EVAL_FILES="${DATA_DIR}/data/nq_data/dev.jsonl"
SAVE_DIR=${DATA_DIR}/experiments/
EXPERIMENT_NAME=my-nq-64-shot-example
TRAIN_STEPS=30

srun python train.py \
    --shuffle \
    --train_retriever \
    --gold_score_mode pdist \ # loss function for retriever (see paper)
    --use_gradient_checkpoint_reader --use_gradient_checkpoint_retriever\ # save GPU memory with gradient checkpointing at expense of speed
    --precision fp32 \ # use "bf16" if supported by your GPUs, fp16 is usually unstable
    --shard_optim --shard_grads \ # Save GPU memory using these optimizations
    --temperature_gold 0.01 --temperature_score 0.01 \ 
    --refresh_index -1 \ # for fewshot finetune, refreshing the index (i.e. recomputing the embeddings) is expensive and not really worth it
    --query_side_retriever_training\ # instead, for fewshot runs, finetuning only the query-encoder of Contriever works well. Remove this flag to finetune whole retriever
    --target_maxlength 16 \ # max length of generation
    --reader_model_type google/t5-${SIZE}-lm-adapt \ # architecture of Atlas
    --dropout 0.1 --weight_decay 0.01 --lr 4e-5 --lr_retriever 4e-5 --scheduler linear \ # optimization flags
    --text_maxlength 512 \ # max length of question + passage when concatenated
    --model_path "${DATA_DIR}/models/atlas/${SIZE}" \ # path to the pretrained Atlas model we just downloaded (pass 'none' to init from plain t5 and Contriever)
    --train_data "${DATA_DIR}/data/nq_data/train.64-shot.jsonl" \ # path the 64-shot train dataset we just downloaded 
    --eval_data "${DATA_DIR}/data/nq_data/dev.jsonl" \ # path the NQ dev dataset we just downloaded, to evaluate on when training is done
    --per_gpu_batch_size 1 \
    --n_context 40 \ # pass the top 40 passages from the retriever to the language model
    --retriever_n_context 40 \ # finetune the retriever with the top 40 passages
    --name ${EXPERIMENT_NAME} \ # name of experiment (also the name of the directory the logs and models will be saved to) 

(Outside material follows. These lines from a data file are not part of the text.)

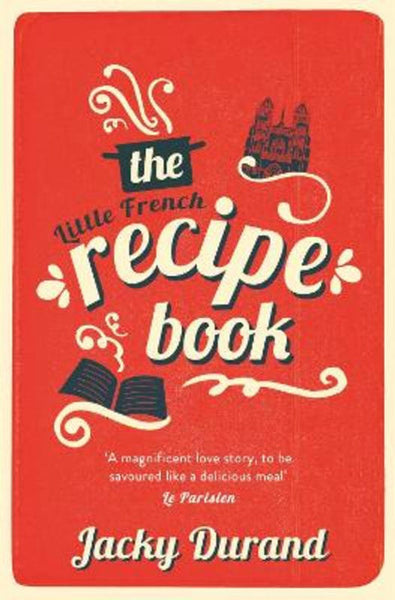 The Little French Recipe Book - Jacky Durand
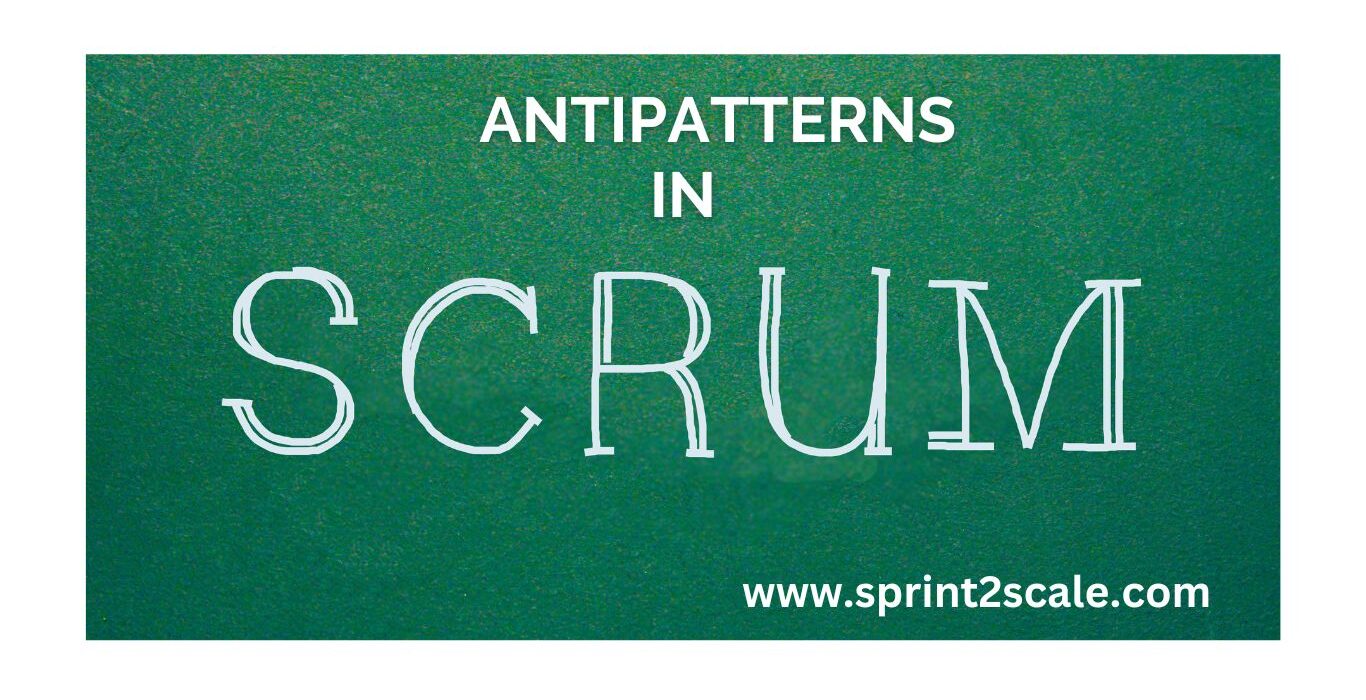 Unraveling Scrum Antipatterns: A Comprehensive Guide Antipatterns in Scrum: Complete Guide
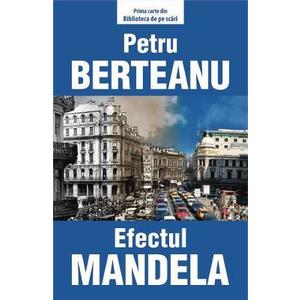 Efectul Mandela - Petru Berteanu imagine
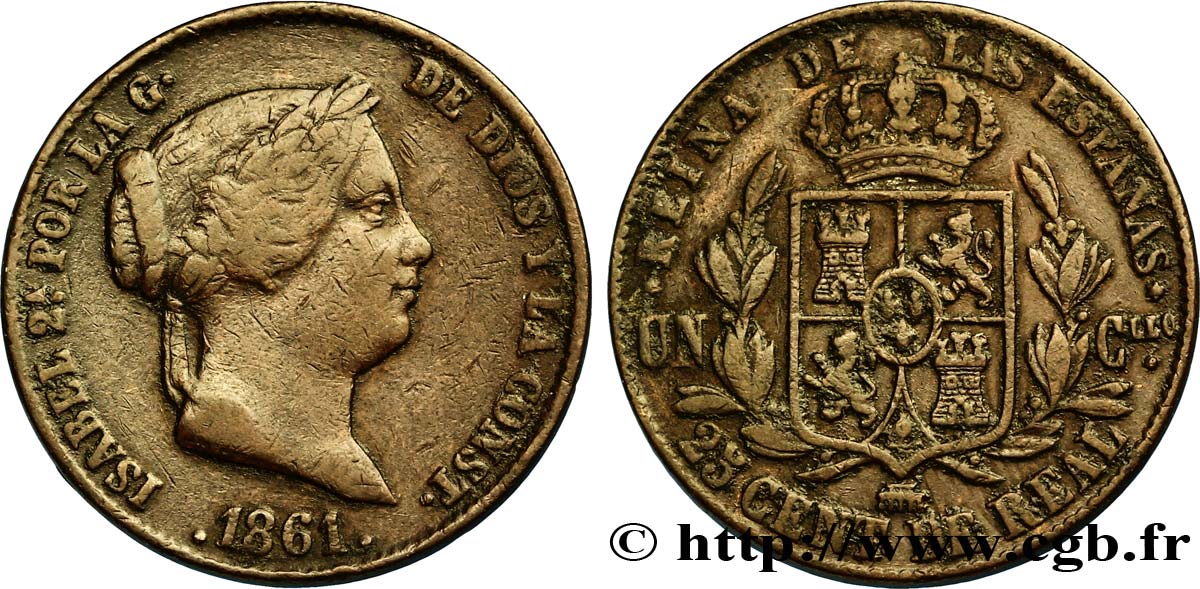 ESPAGNE 25 Centimos de Real (Cuartillo) Isabelle II / écu couronné 1861 Ségovie TB+ 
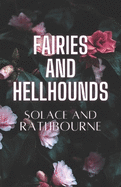 Fairies and Hellhounds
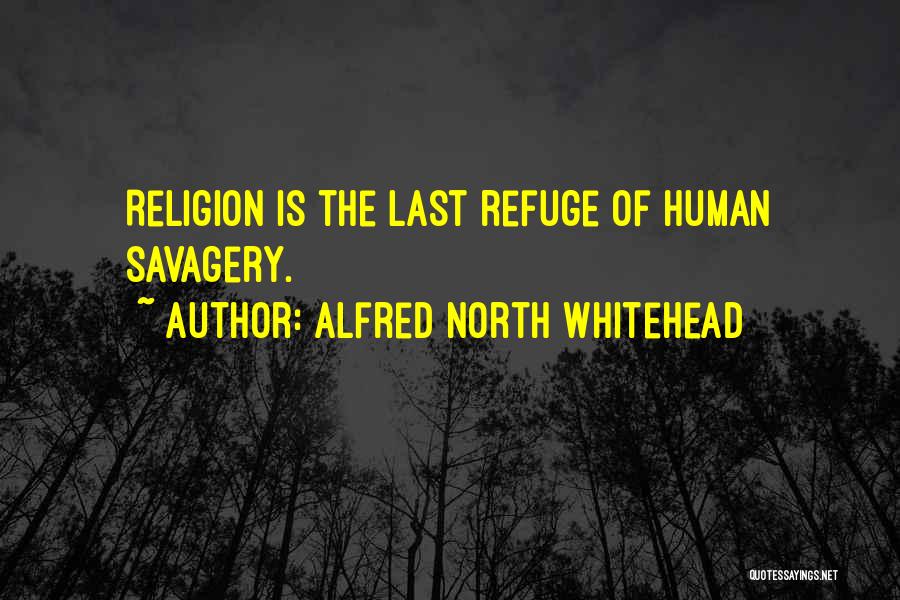 Alfred North Whitehead Quotes: Religion Is The Last Refuge Of Human Savagery.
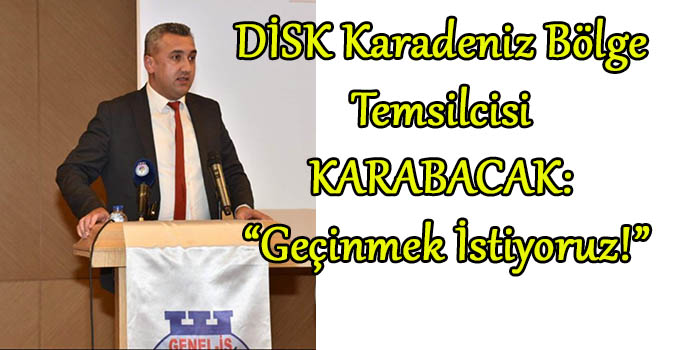 DİSK Karadeniz Bölge Temsilcisi KARABACAK:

    --checkpoint_dir ${SAVE_DIR} \ # logs and model checkpoints will be saved to ${SAVE_DIR}/${EXPERIMENT_NAME}
    --eval_freq ${TRAIN_STEPS} \ # eval after we finish training
    --log_freq 4 \ # log stats every 4 training steps. Logs will write to ${SAVE_DIR}/${EXPERIMENT_NAME}/run.log but will also write tensorboard logs if installed
    --total_steps ${TRAIN_STEPS} \ # train for this many steps
    --warmup_steps 5 \
    --save_freq ${TRAIN_STEPS} \ # for this example, we'll save one checkpoint, after the training is complete
    --main_port $port \ # for distributed training
    --write_results \ # write predictions - they will get saved in the checkpoint folder, ${SAVE_DIR}/${EXPERIMENT_NAME}
    --task qa \ # we're doing the QA task
    --index_mode flat \ # don't use faiss, keep index flat (recommended unless using very large indices or very constrained on GPU memory)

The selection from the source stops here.